Exercise description | Transcribe every line from the one containing "Rozdiel medzi zubnou" through the end of the records below, exactly, but not the pictures.

(Source data)
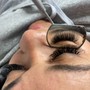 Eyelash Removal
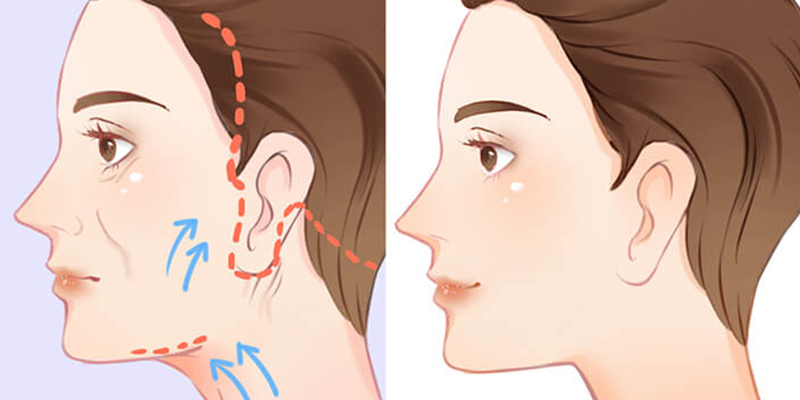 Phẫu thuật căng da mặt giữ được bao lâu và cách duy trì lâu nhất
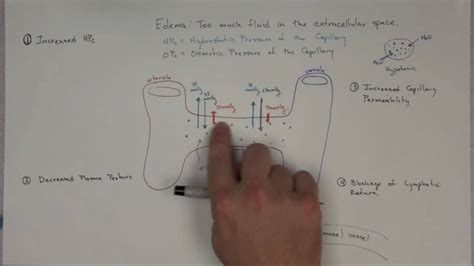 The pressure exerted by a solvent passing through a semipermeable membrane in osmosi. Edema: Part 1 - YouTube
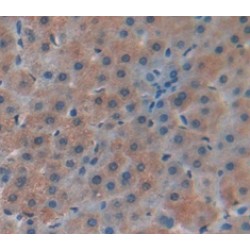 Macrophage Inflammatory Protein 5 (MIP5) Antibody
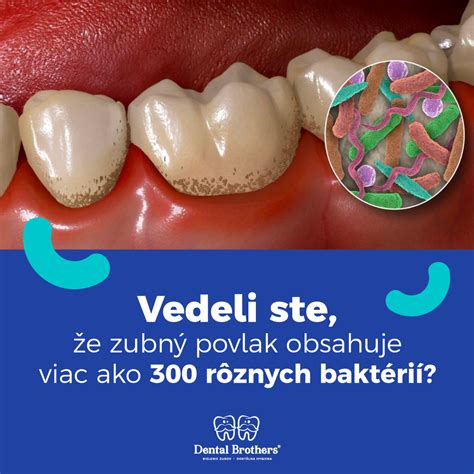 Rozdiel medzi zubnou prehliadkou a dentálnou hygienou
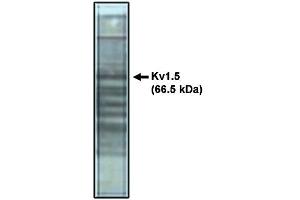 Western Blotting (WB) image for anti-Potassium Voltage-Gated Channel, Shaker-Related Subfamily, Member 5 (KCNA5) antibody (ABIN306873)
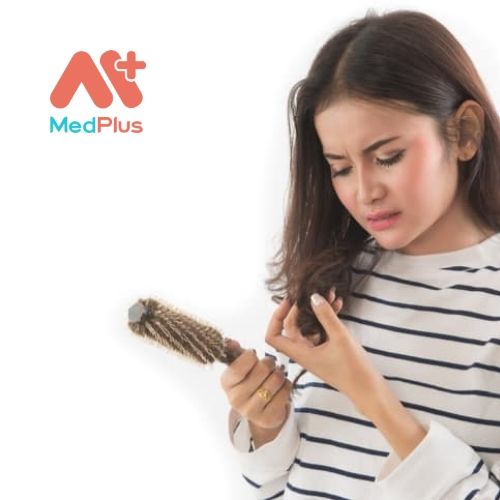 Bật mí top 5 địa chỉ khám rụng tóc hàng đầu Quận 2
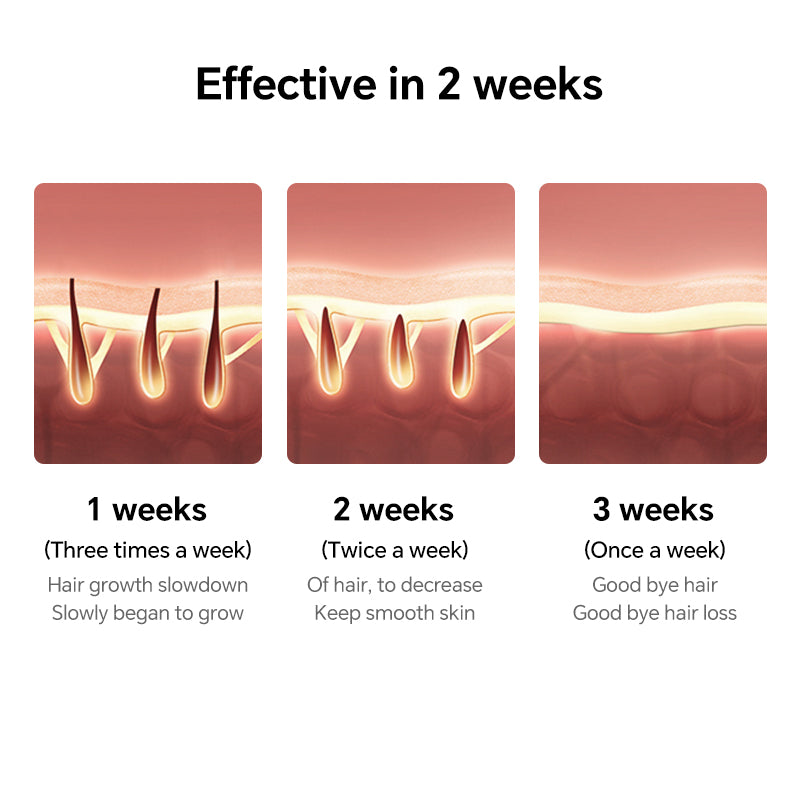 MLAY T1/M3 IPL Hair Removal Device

Task solution |
 Rozdiel medzi zubnou prehliadkou a dentálnou hygienou
 Western Blotting (WB) image for anti-Potassium Voltage-Gated Channel, Shaker-Related Subfamily, Member 5 (KCNA5) antibody (ABIN306873)
 Bật mí top 5 địa chỉ khám rụng tóc hàng đầu Quận 2
 MLAY T1/M3 IPL Hair Removal Device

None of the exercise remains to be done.